When can You Directly Sue a Defendant’s Insurance Company for Accident Damages?

In many successful personal injury cases, the defendant’s insurance company ends up paying most of the judgment. You might therefore think it would “save a step” just to sue the insurance company directly. In most cases, such “direct action” is not permitted under Georgia law. The legal theory behind this is that an insurance policy is a contract between the insurer and the insured, and the injured person is a third party who is not “privy” to this agreement.

However, Georgia law makes an exception to the prohibition on “direct action” when the insured party is a “motor carrier.” That is to say, if you are injured in an accident caused by a motor carrier, you may file directly sue both the carrier and its insurance company for damages.

Mitchell v. Dixie Transport, Inc.

A federal judge in Atlanta recently addressed a case, Mitchell v. Dixie Transport, Inc., in which this exception proved to be a contested issue. This particular case involves a personal injury lawsuit filed by a plaintiff injured in a 2014 motor vehicle accident. The plaintiff’s vehicle collided with a driving a tractor-trailer. The plaintiff’s lawsuit subsequently named as defendants not only the driver of the tractor-trailer, but also the owner of the vehicle and its insurance company.

After completing pre-trial discovery, the defense filed a motion to dismiss the insurance company as a defendant, arguing that Georgia’s exception did not apply here. U.S. District Judge Michael L. Brown noted it was “unclear why Defendants have only now moved” for such a dismissal, given this motion came three years into the litigation. Nevertheless, Judge Brown considered and dismissed the motion on its merits.

The defense’s first argument was that Georgia’s exceptions to the no-direct action rule only applied to “intrastate” carriers and not “interstate” carriers like the co-defendant in this case. Judge Brown categorically rejected this interpretation of the law, noting several prior federal courts expressly held direct action laws applied equally to interstate and intrastate carriers.

The defense next argued that federal law somehow “preempted” Georgia’s direction action law.
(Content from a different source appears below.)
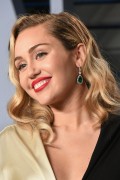 Майли Сайрус, Лиам Хемсворт (Miley Cyrus, Liam Hemsworth) Vanity Fair Oscar Party in Beverly Hills, 04.03.2018 (42xHQ) F69521781858413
Again, Judge Brown disagreed. Indeed, he noted the Supreme Court of Georgia recently considered and rejected this very argument.

Judge Brown also denied the defense’s argument to “bifurcate” or split the trial into two separate proceedings–one to determine the issue of the plaintiff’s liability and damages, and the second to decide any contractual liability on the part of the insurance company. The defense noted that in most personal injury cases, it was not permissible to even mention the defendant has insurance “absent an express or authorized reason to do so,” for fear of prejudicing the jury. But Judge Brown noted the Georgia direct action law created an “expressed and authorized reason” to depart from the normal rule. Given the law allows the plaintiff to file a single lawsuit against both the motor carrier and its insurance company, it would be a “waste of judicial resources” to then require separate trials.